Nel 2023 l’Osservatorio di politica internazionale del Parlamento italiano ha pubblicato un approfondimento (il n. 202) su «I conflitti armati dimenticati» dal quale emerge che attualmente ci sono 55 conflitti armati attivi tra Stati. Il caso dell’Etiopia è risultato il conflitto statale più letale registrato nel periodo successivo al 1989 nel mondo, con oltre 101.000 vittime.
L’esperienza degli ultimi decenni lascia emergere alcuni dati.
a. Per quanto si affermi la guerra tecnologica (ovvero: bombardamenti aerei, droni, cyberattacchi e simili), le guerre si vincono solo sul terreno, ovvero nel corpo a corpo tra i soldati (e, ahimé, i civili).
b. Le guerre durano a lungo, spesso si impantanano e restano in “stand by” senza vincitori e vinti (si vedano i dati prima richiamati sulle guerre dimenticate).
c. I forti sulla carta possono conoscere il sapore amaro della sconfitta (gli Stati Uniti hanno perso la guerra in Vietnam; l’Urss ha perso la guerra in Afghanistan).
In sintesi: l’uso della forza non garantisce la soluzione del conflitto e tanto meno la vittoria: garantisce unicamente un numero impressionante di vittime appartenenti a tutte le parti in conflitto.
Dopo il bilaterale in Alaska tra Putin e Trump, e dopo il summit alla Casa Bianca tra Trump, Zelensky ed alcuni leader europei, per il conflitto in Ucraina paiono aprirsi spiragli di pace.

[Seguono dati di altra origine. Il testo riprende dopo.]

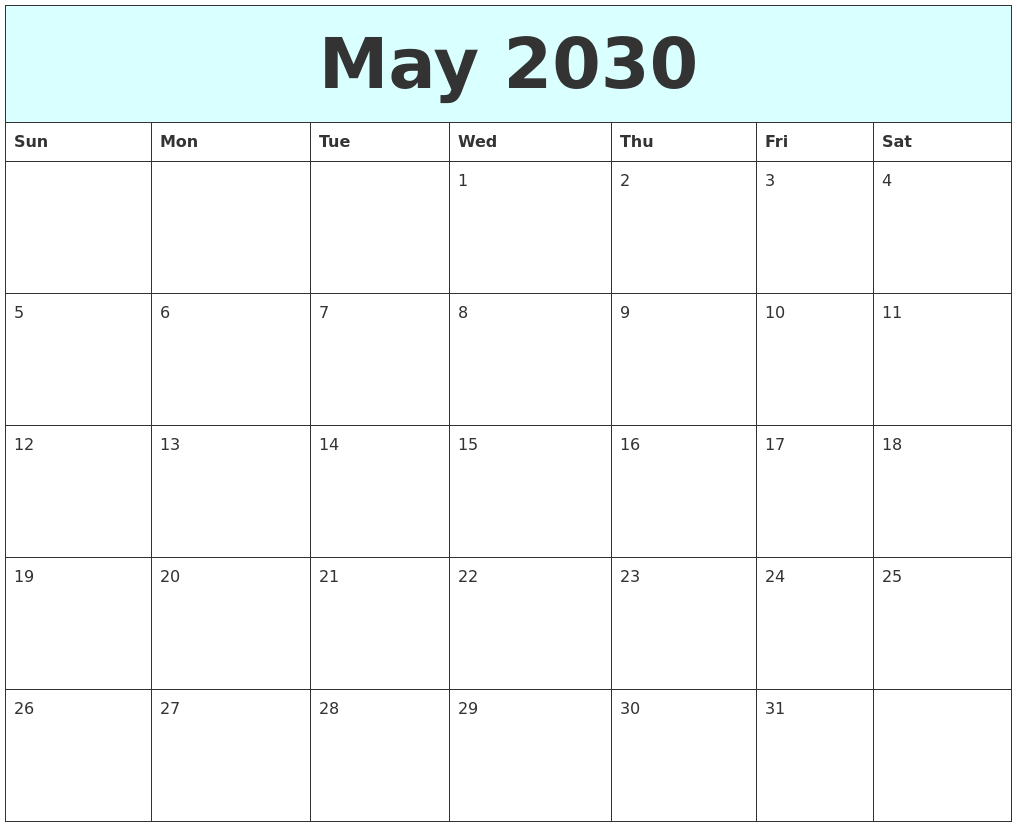 May 2030 Free Calendar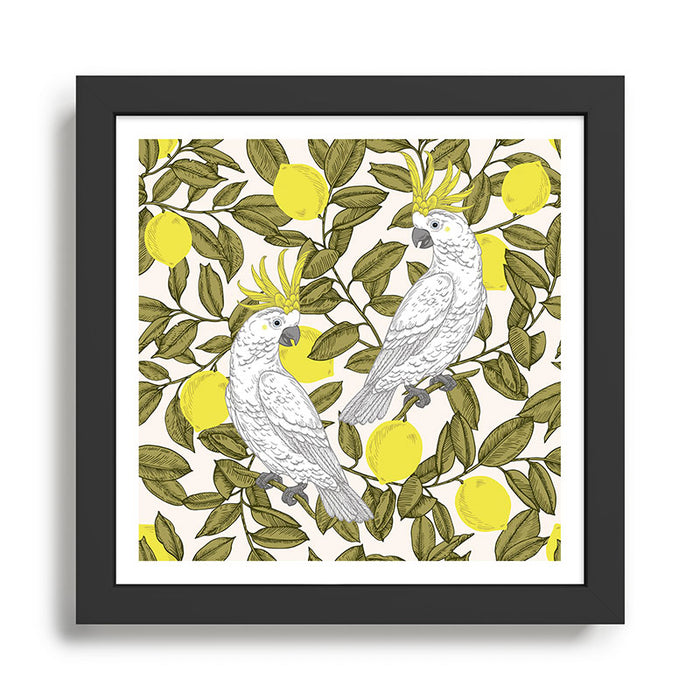 animalistic seamless pattern with cockatoos and lemons Framed Art Print Gallery Image 1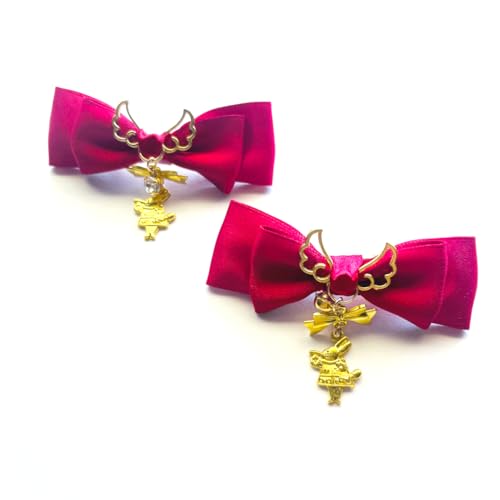 (小野寺屋/ペンギンランド)【ヘアクリップ/左右2個セット】ミニミニアリスのウサギの音楽隊【 ロリータ ゆめかわいい ゴスロリ ヘアクリップ ヘアピン ヘアアクセサリー コスプレ 量産型 地雷系】 (レッド)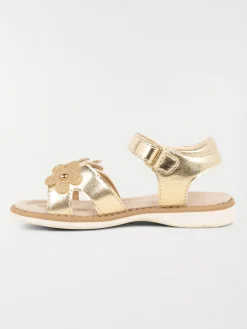 Sandales dorées fleurs 3D fille (24-30)
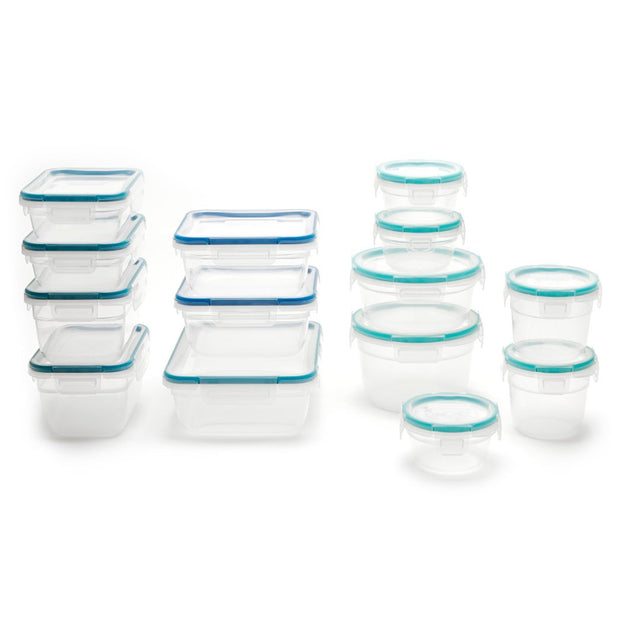 Set of clear food storage containers with blue lids on a white background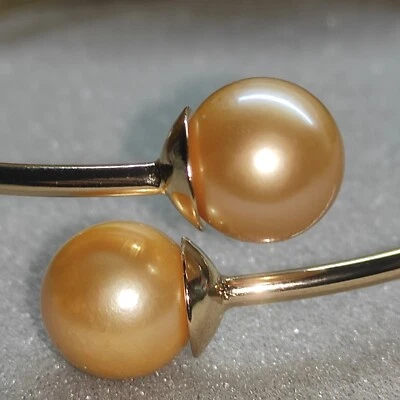 real pretty  jewelry AAAA 11-12mm South sea natural gold pearl bracelet 7.5-8" - Image 1 of 4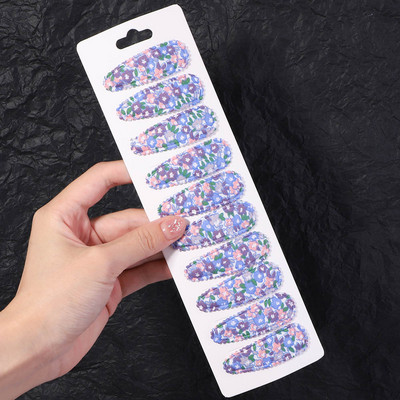 10gab/komplekts ar saldiem ziediem apdrukātas matu sprādzes bērniem, meitenēm, meiteņu formas BB skavas, ar rokām darinātas stiebru galvassegas, matu aksesuāri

Le guerre prima o poi finiscono. I negoziati che portano ai trattati di pace di regola si aprono con i negoziatori delle diverse parti che percorrono ampi tappeti rossi per giungere alla sede degli incontri. Se sin dall’antichità, il tappeto rosso viene usato per accogliere figure importanti associate al potere, alla regalità o al trionfo, nel caso dei negoziati di pace, il tappeto rosso finisce per simboleggiare il fiume di sangue dei soldati e dei civili (da ogni parte) morti durante la guerra.
Chi sostiene che il diritto internazionale è stato soppiantato dall’uso della forza non considera le vittime, nemmeno quelle appartenenti al campo di chi rivendica la bontà dell’uso della forza per imporre il proprio punto di vista. Una forma non marginale di cinismo: cosa possono contare le vite dei soldati per chi coltiva sogni di grandezza?
Le guerre sono fabbriche di lunghi tappeti rossi formati dal sangue delle vittime di ogni parte coinvolta. In una delle poesie più belle contro la guerra («Barbara») Jacques Prévert ha scritto: «Quelle connerie la guerre».
Chi ripudia la guerra, nel riaffermare la sacralità della vita, ripudia l’idea di causare la morte, anche quella dei soldati comandati da chi pensa sia giusto usare la forza per dirimere i conflitti.
Risuona attuale un passaggio della Lettera Enciclica «Pacem in terris», di Papa Giovanni XXIII (dell’11 aprile 1963):
«87. A tutti gli uomini di buona volontà spetta un compito immenso: il compito di ricomporre i rapporti della convivenza nella verità, nella giustizia, nell’amore, nella libertà: i rapporti della convivenza tra i singoli esseri umani; fra i cittadini e le rispettive comunità politiche; fra le stesse comunità politiche; fra individui, famiglie, corpi intermedi e comunità politiche da una parte e dall’altra la comunità mondiale. Compito nobilissimo quale è quello di attuare la vera pace nell’ordine stabilito da Dio.
88. Certo, coloro che prestano la loro opera alla ricomposizione dei rapporti della vita sociale secondo i criteri sopra accennati non sono molti; ad essi vada il nostro paterno apprezzamento, il nostro pressante invito a perseverare nella loro opera con slancio sempre rinnovato. E ci conforta la speranza che il loro numero aumenti, soprattutto fra i credenti. È un imperativo del dovere; è un’esigenza dell’amore».
Come è noto, non è necessario essere credenti per essere donne e uomini di buona volontà.